Crawled caption data:
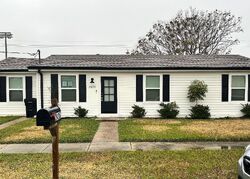  Pecan Dr, Chalmette LA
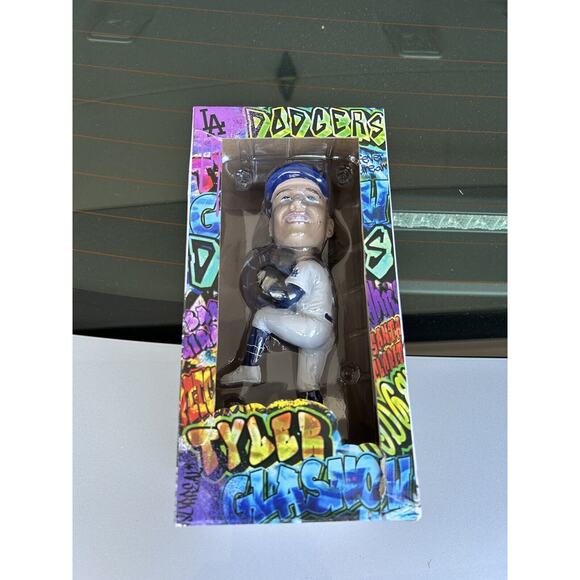 Los Angeles Dodgers Tyler Glasnow SGA Bobblehead 2024 - Picture 1 of 4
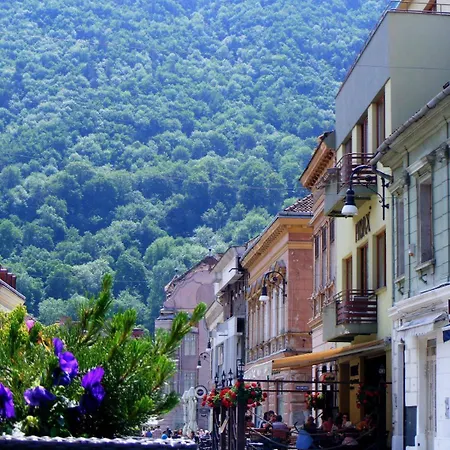Piata Sfatului Апартаменти *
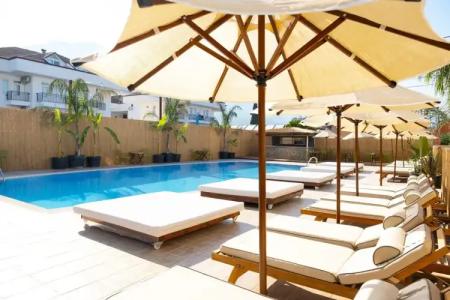 ESQUIRES and LOUNGES - 18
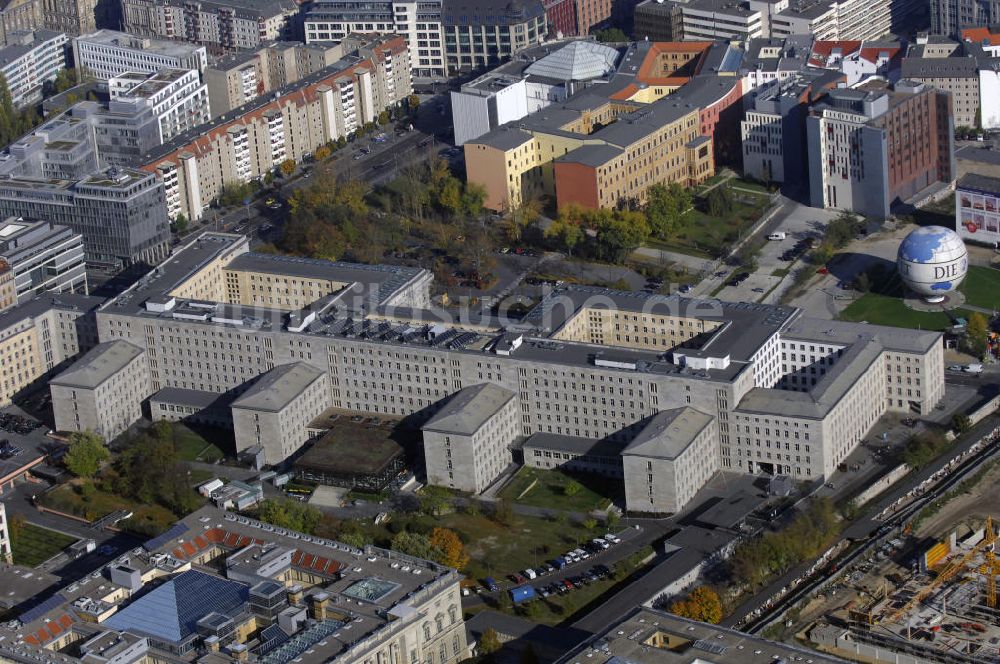 Luftaufnahme Berlin - Bundesministerium der Finanzen (ehem. Treuhandanstalt und Reichsluftfahrtministerium) in Berlin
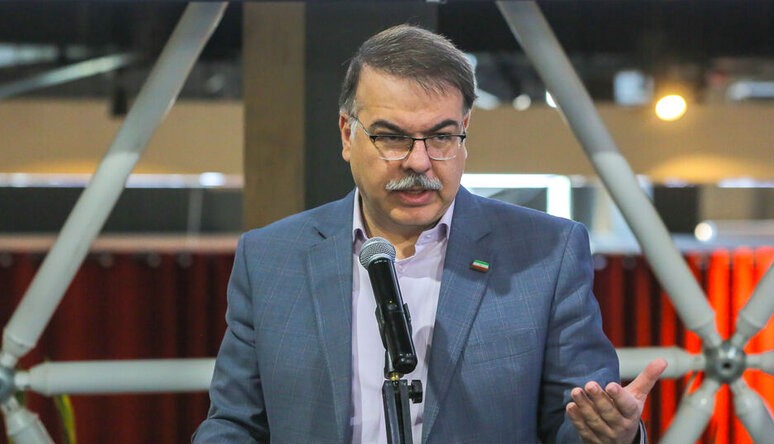امید شاکری:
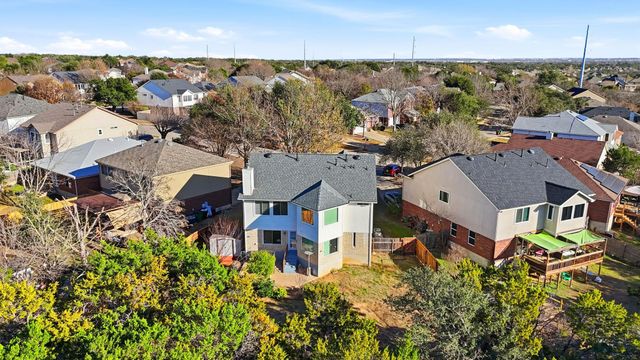 3744 Top Rock LN, Round Rock, TX 78681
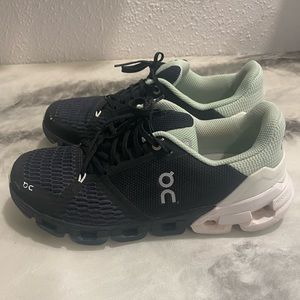 On Cloud Womens Size 6.5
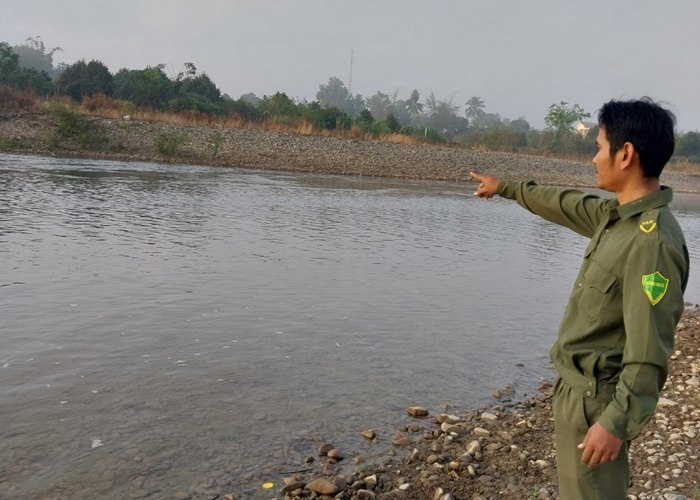 Công an viên cứu sống 2 học sinh đuối nước -0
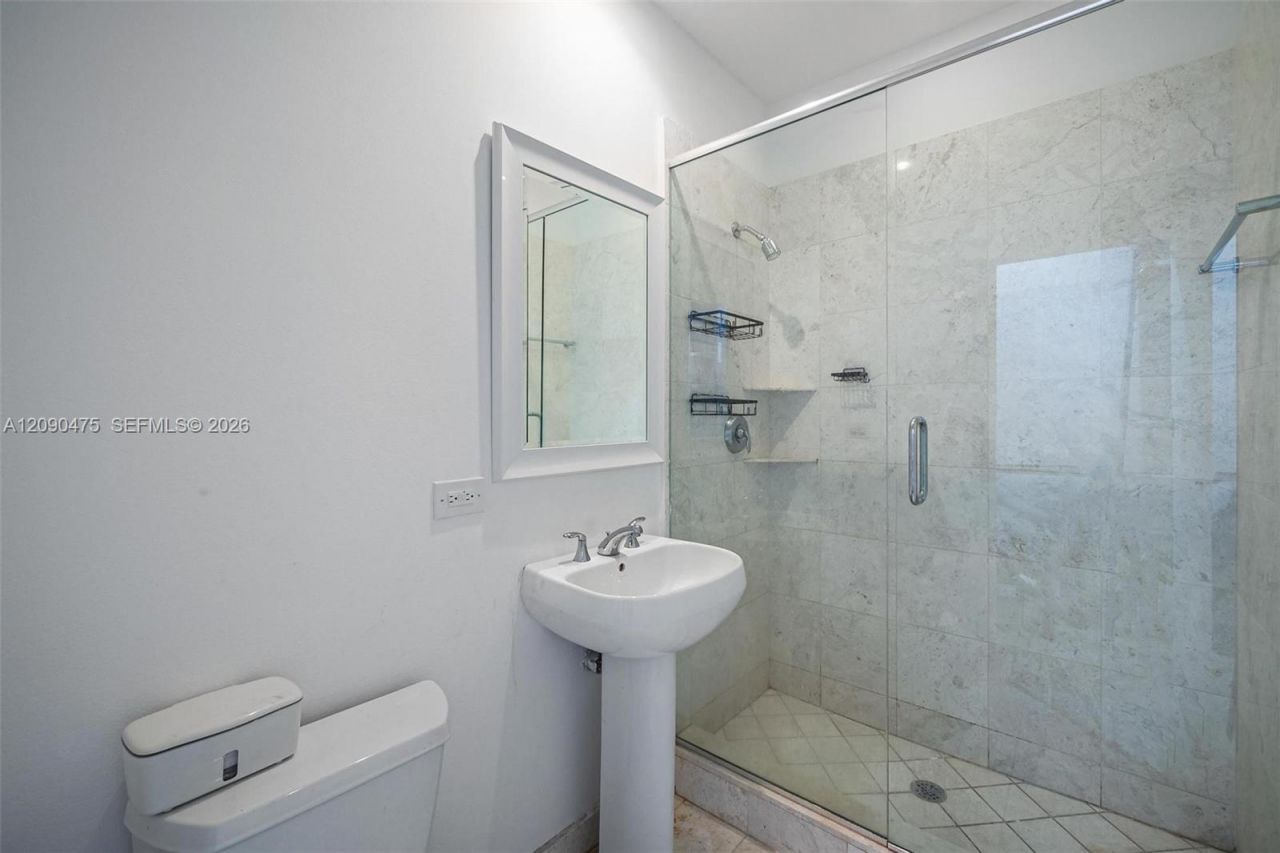 900 Brickell Key Blvd , Unit 2504, Miami, FL 33131 Photo
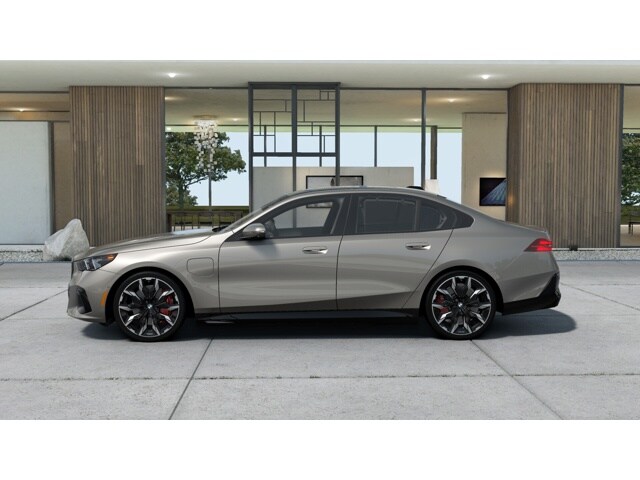 2026 Bmw 550e xDrive photo 4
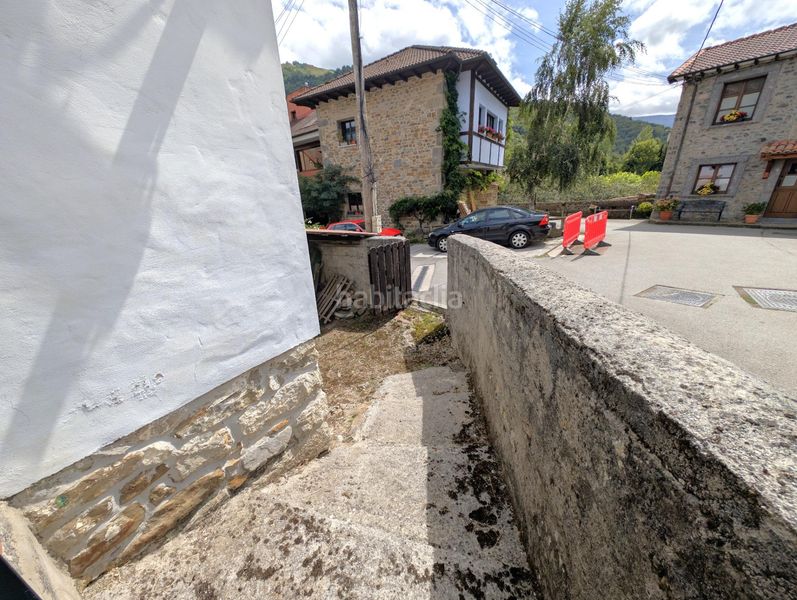 Foto e31b201a-0049-472f-bbf4-767403876961. Masia a lugar cuerigo a Aller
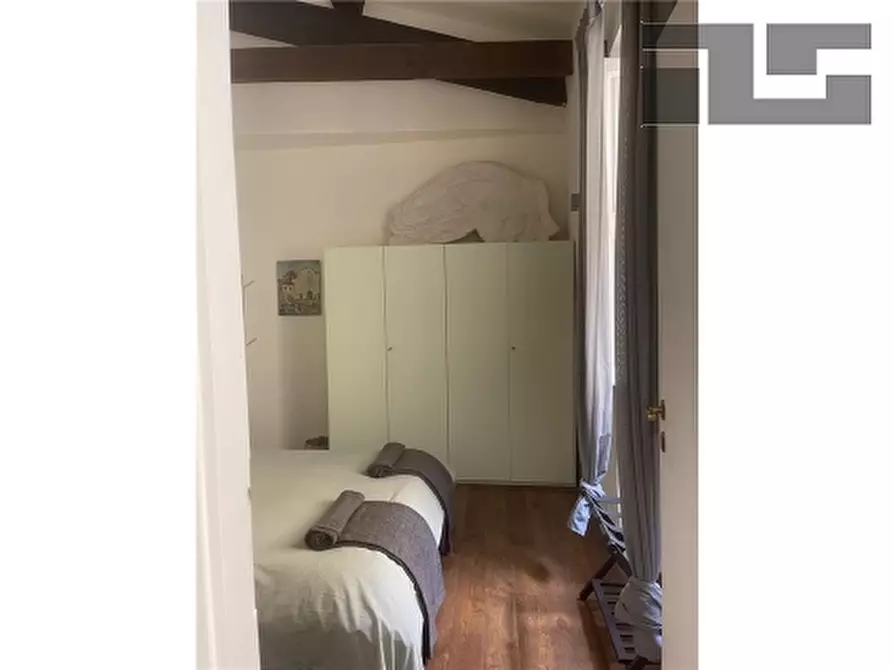 Immagine 16 di Appartamento in vendita  a Firenze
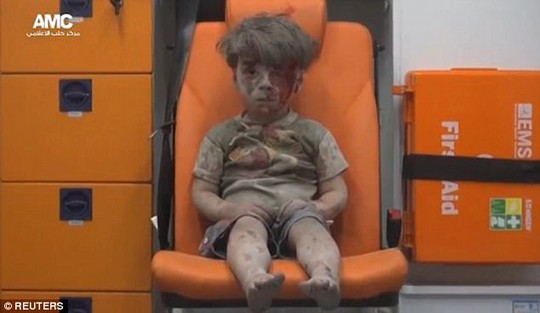 Gặp lại cậu bé “biểu tượng chiến tranh Syria” - Ảnh 1.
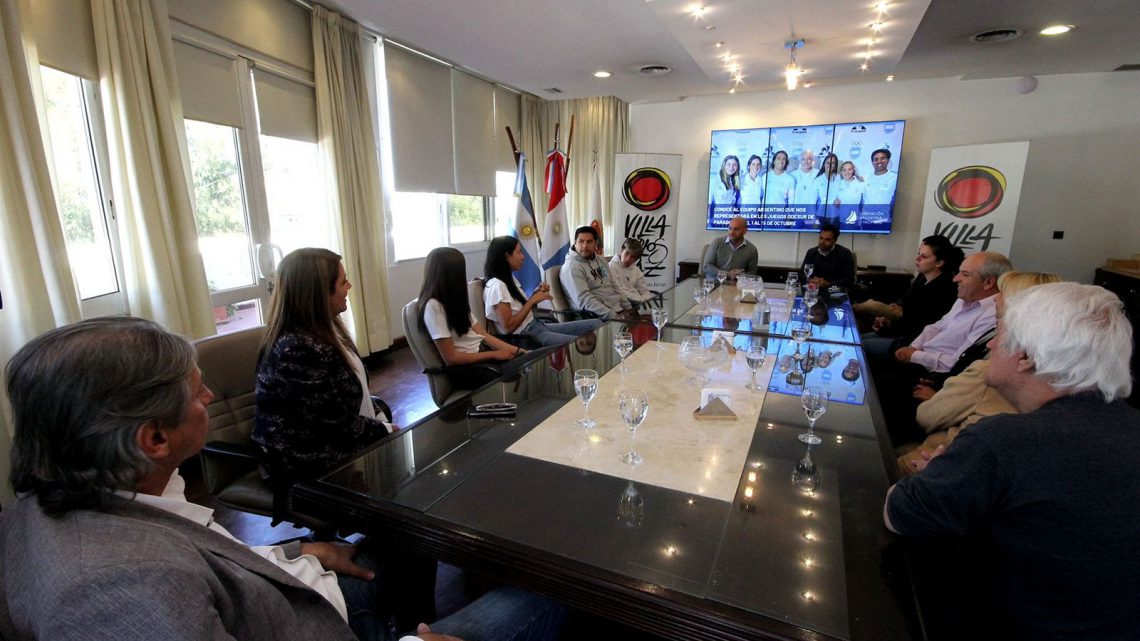 La Municipalidad de Villa Carlos Paz reconoció a deportistas y artistas locales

PROBLEM STATEMENT:
The copy must start at the line containing "Immagine 16 di" and end at the last line of the records, matching each line exactly and holding no pictures.

RESPONSE BELOW:
 Immagine 16 di Appartamento in vendita  a Firenze
 Gặp lại cậu bé “biểu tượng chiến tranh Syria” - Ảnh 1.
 La Municipalidad de Villa Carlos Paz reconoció a deportistas y artistas locales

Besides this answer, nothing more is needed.